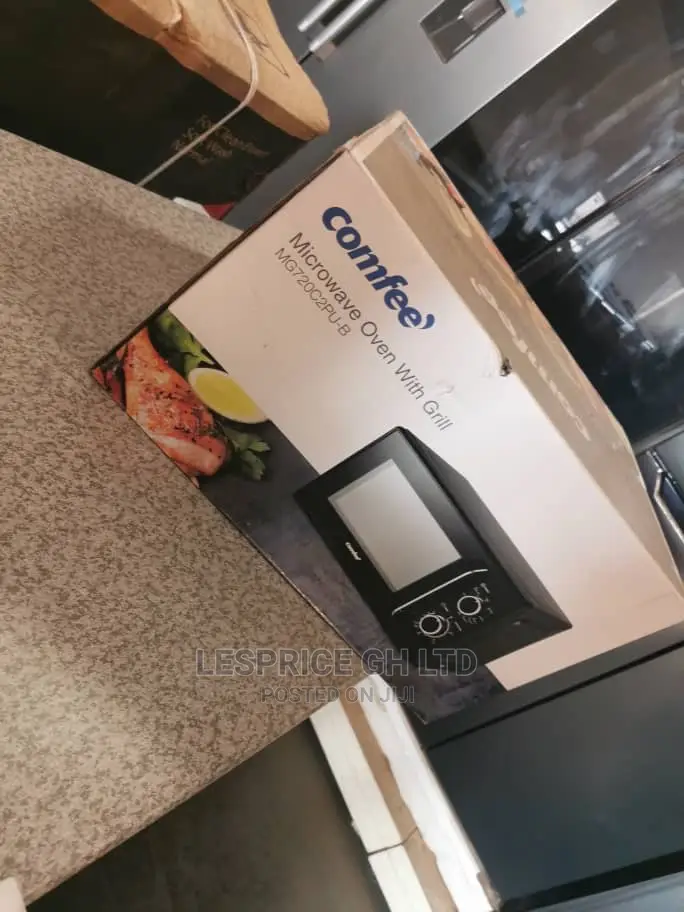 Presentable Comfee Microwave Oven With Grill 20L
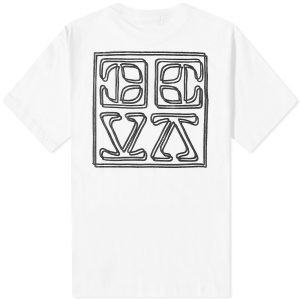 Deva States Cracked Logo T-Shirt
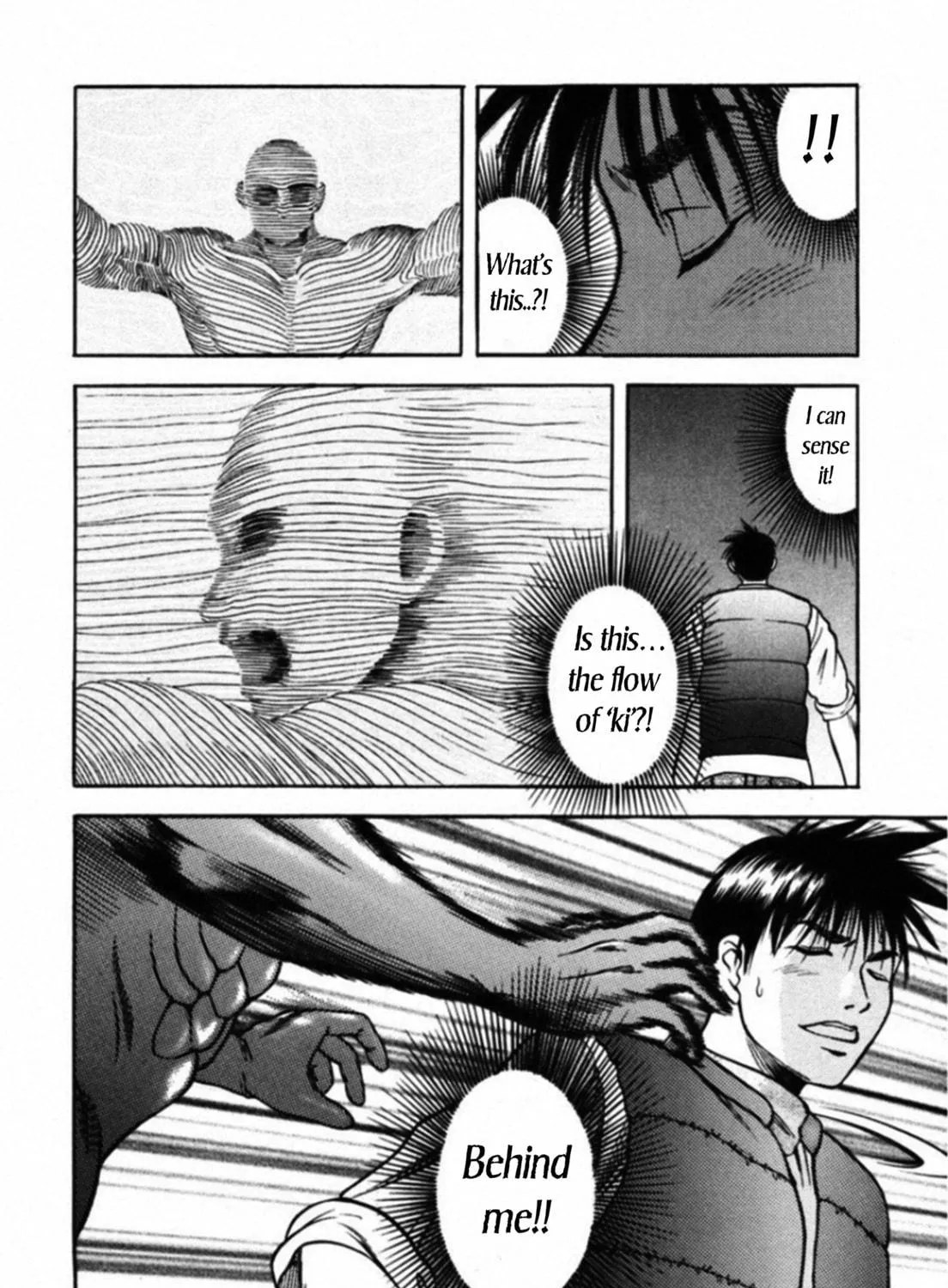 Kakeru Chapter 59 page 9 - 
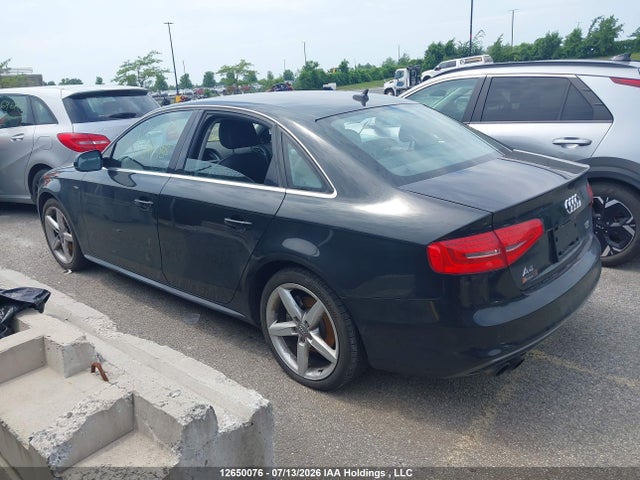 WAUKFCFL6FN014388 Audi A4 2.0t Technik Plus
*****
§ PROBLEM TO WORK ON: What is wanted is the listing, written out exactly, with each picture removed.

§ YOUR SOLUTION:
 Presentable Comfee Microwave Oven With Grill 20L
 Deva States Cracked Logo T-Shirt
 Kakeru Chapter 59 page 9 - 
 WAUKFCFL6FN014388 Audi A4 2.0t Technik Plus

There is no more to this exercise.